Start of Block

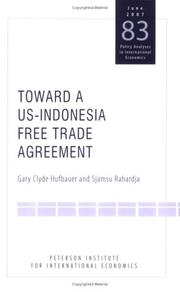 Cover of: Toward a Us-indonesia Free Trade Agreement by Gary Clyde Hufbauer, Sjamsu Rahardja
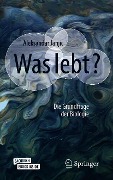 Cover-Bild zum Titel 'Was lebt?' von 'Aleksandar Janjic'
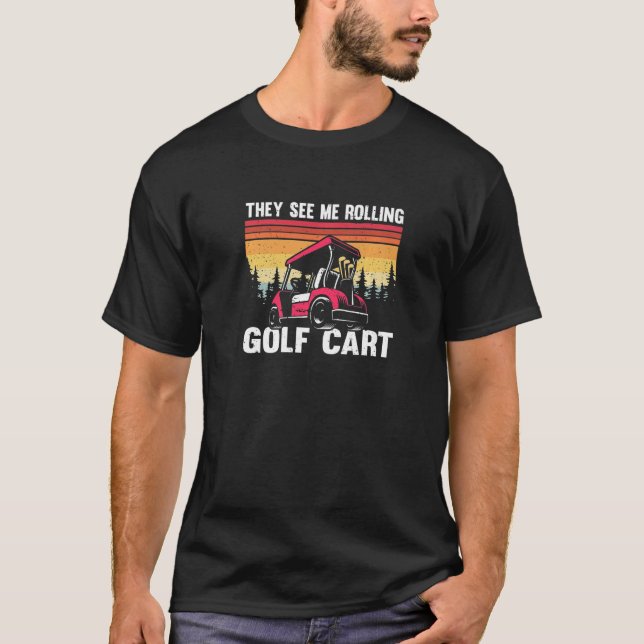 They See Me Rolling Golf Cart T-Shirt (Front)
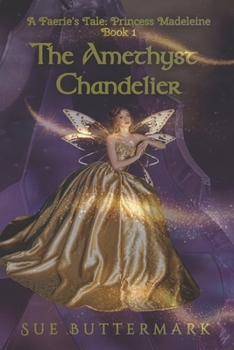 Paperback The Amethyst Chandelier Book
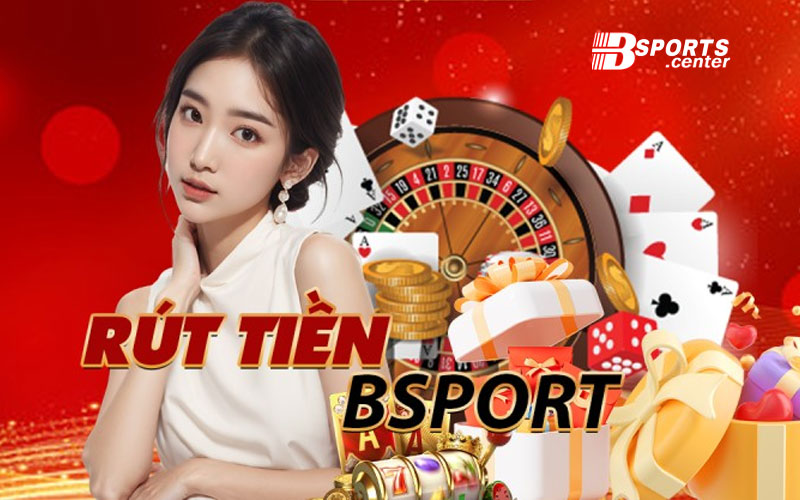 rút tiền Bsport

End of Block

Everything in the records except the pictures should be printed again exactly.

 Cover of: Toward a Us-indonesia Free Trade Agreement by Gary Clyde Hufbauer, Sjamsu Rahardja
 Cover-Bild zum Titel 'Was lebt?' von 'Aleksandar Janjic'
 They See Me Rolling Golf Cart T-Shirt (Front)
 Paperback The Amethyst Chandelier Book
 rút tiền Bsport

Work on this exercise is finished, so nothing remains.